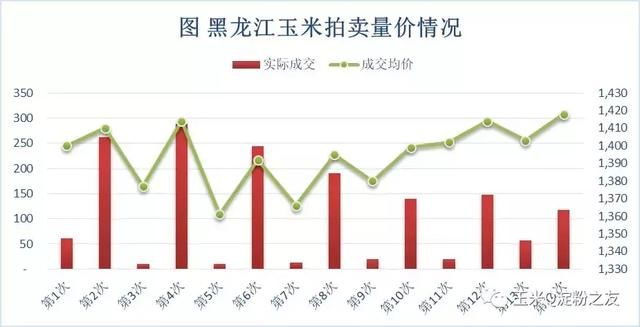 种粮大户和贸易商看过来：从临储玉米拍卖数据看未来价格能否上涨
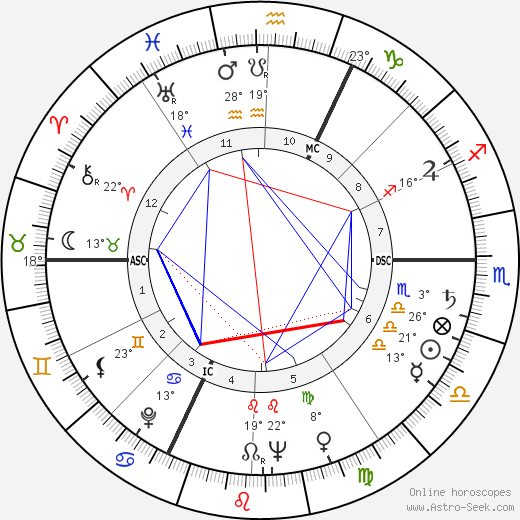 Gil Delamare birth chart, biography, wikipedia 2023, 2024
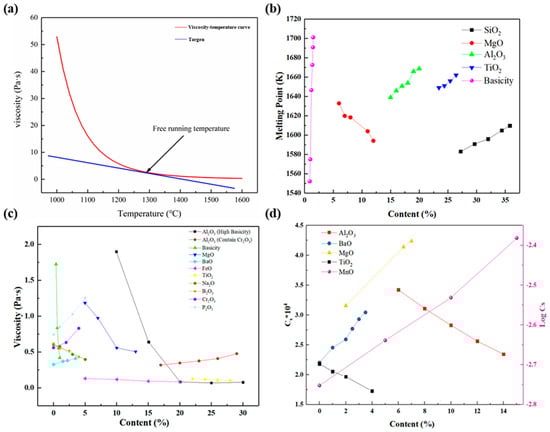 Nanomaterials 14 00464 g002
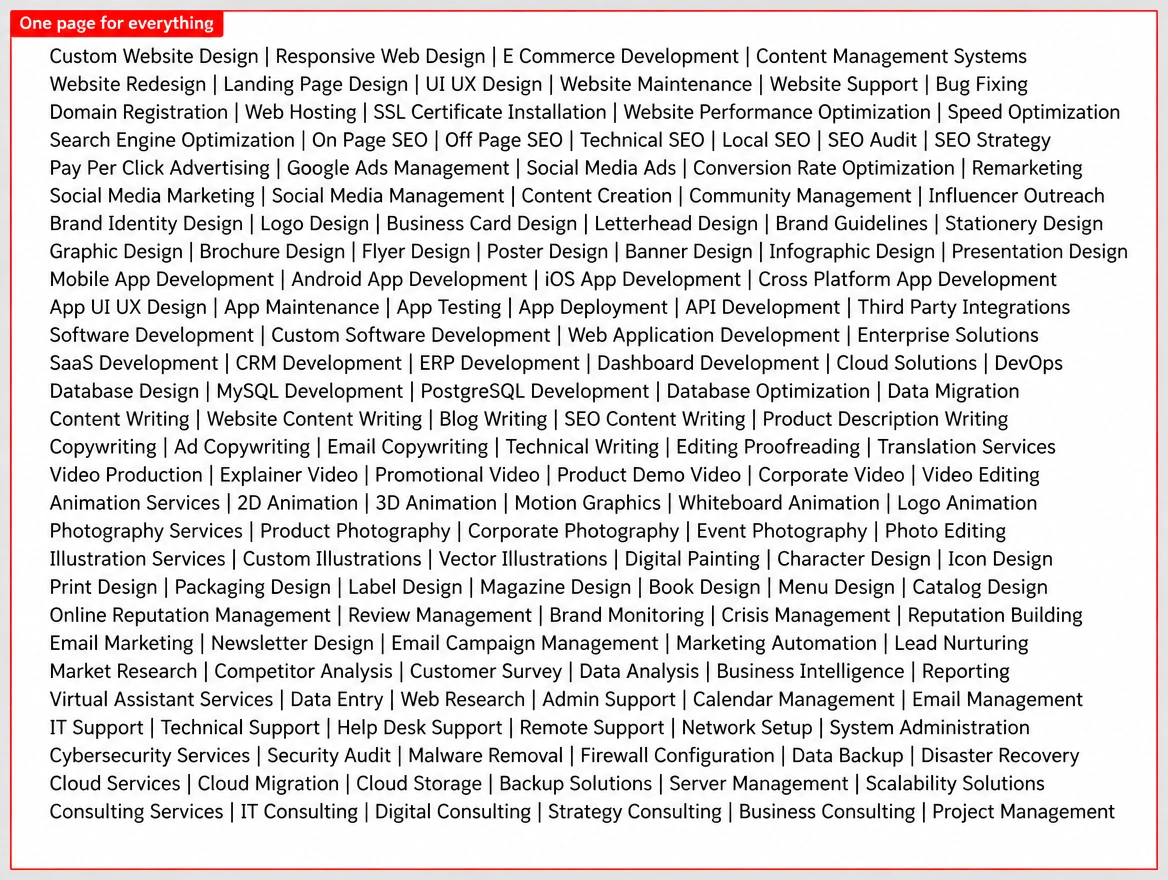 One crowded page trying to cover every service at once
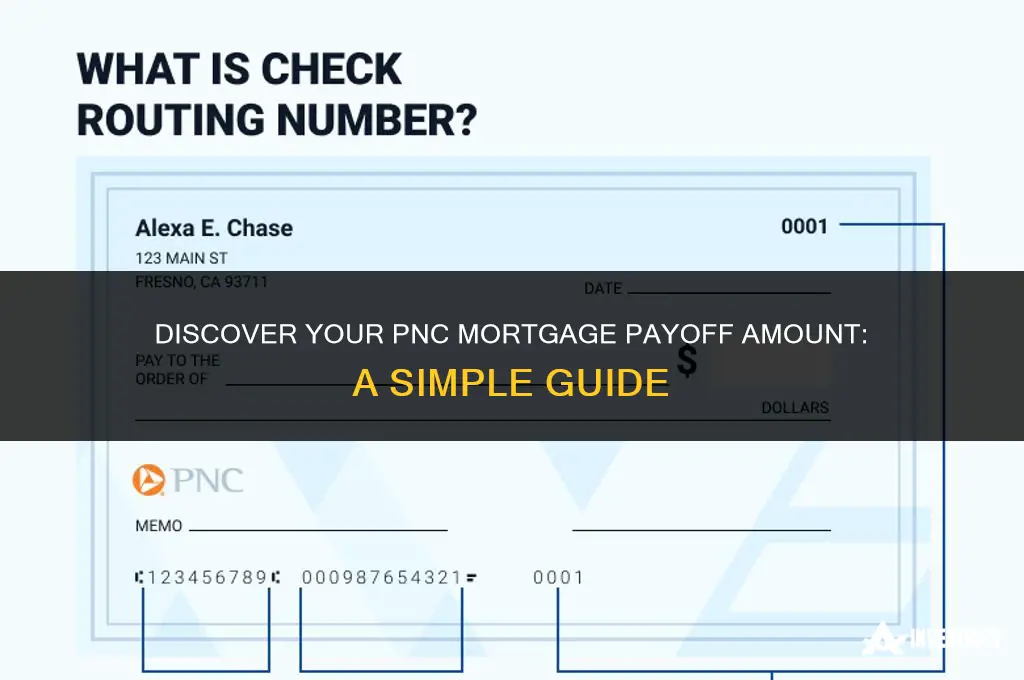 how do i find my pnc mortgage payoff amount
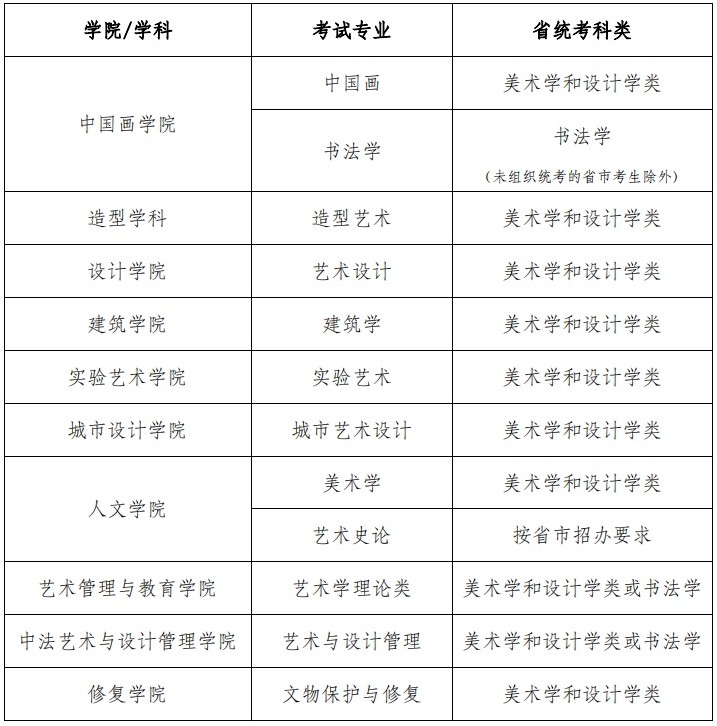 中央美術(shù)學(xué)院2022年本科招生專業(yè)省統(tǒng)考科類對(duì)應(yīng)表.jpg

□ □ □ □

Return all entries preceding this task exactly as they stand, leaving any picture out.

 种粮大户和贸易商看过来：从临储玉米拍卖数据看未来价格能否上涨
 Gil Delamare birth chart, biography, wikipedia 2023, 2024
 Nanomaterials 14 00464 g002
 One crowded page trying to cover every service at once
 how do i find my pnc mortgage payoff amount
 中央美術(shù)學(xué)院2022年本科招生專業(yè)省統(tǒng)考科類對(duì)應(yīng)表.jpg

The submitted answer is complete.